Artikel ini ditulis oleh Sugiyanto (SGY)-Emik, Ketua Himpunan Masyarakat Nusantara (Hasrat), Pendukung-Relawan Independen Calon Presiden Prabowo Subianto pada Pilpres 2019-2024.
Pada 23 November 2024, saya merespons rencana Pemerintahan Presiden Prabowo Subianto untuk menaikkan Pajak Pertambahan Nilai (PPN) dari 11 persen menjadi 12 persen. Saya menyampaikan pendapat saya ini dalam artikel berjudul “KTT G20 2024 di Brasil: Kemiskinan, Kelaparan, dan Simalakama Kenaikan PPN 12% dalam Target Pajak, Defisit APBN, serta Usulan Penundaan Pajak.”
Kini, pada Minggu, 22 Desember 2024, saya menulis artikel ini untuk kedua kalinya mengenai kebijakan kenaikan pajak PPN 12 persen.
Sejarah pajak menunjukkan bahwa konsep ini sudah ada sejak ribuan tahun lalu. Di zaman Mesir kuno, Firaun memungut pajak dari rakyat untuk membiayai pembangunan piramida dan kebutuhan kerajaan. Di Indonesia, sistem pajak pertama kali diperkenalkan oleh Thomas Stamford Raffles, seorang gubernur Inggris yang menerapkan sistem pajak tanah (landrent) selama masa penjajahan Inggris di Jawa.
Ironisnya, kebijakan pajak ini berasal dari kebijakan kolonial yang lebih mengutamakan kepentingan asing daripada kesejahteraan rakyat pribumi.
Sebagai negara merdeka, Indonesia menjadikan pajak sebagai sumber utama pendapatan negara.
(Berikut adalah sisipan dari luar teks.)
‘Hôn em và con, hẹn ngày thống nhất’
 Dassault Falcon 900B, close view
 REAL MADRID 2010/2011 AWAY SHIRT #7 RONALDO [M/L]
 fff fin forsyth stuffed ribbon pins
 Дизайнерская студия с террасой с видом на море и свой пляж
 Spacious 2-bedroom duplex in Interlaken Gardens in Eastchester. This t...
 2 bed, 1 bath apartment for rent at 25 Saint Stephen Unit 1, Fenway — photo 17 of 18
Namun, kenaikan PPN menjadi 12 persen menuai pro dan kontra di masyarakat.
Pemerintah beralasan bahwa kebijakan ini diperlukan untuk menopang anggaran negara, terutama dalam mendukung pembangunan infrastruktur, pendidikan, dan kesehatan. Pemerintah juga menegaskan bahwa kenaikan PPN 12 persen hanya berlaku untuk barang-barang tertentu (barang mewah) dan tidak akan dikenakan pada kebutuhan vital masyarakat sesuai daftar yang telah ditetapkan.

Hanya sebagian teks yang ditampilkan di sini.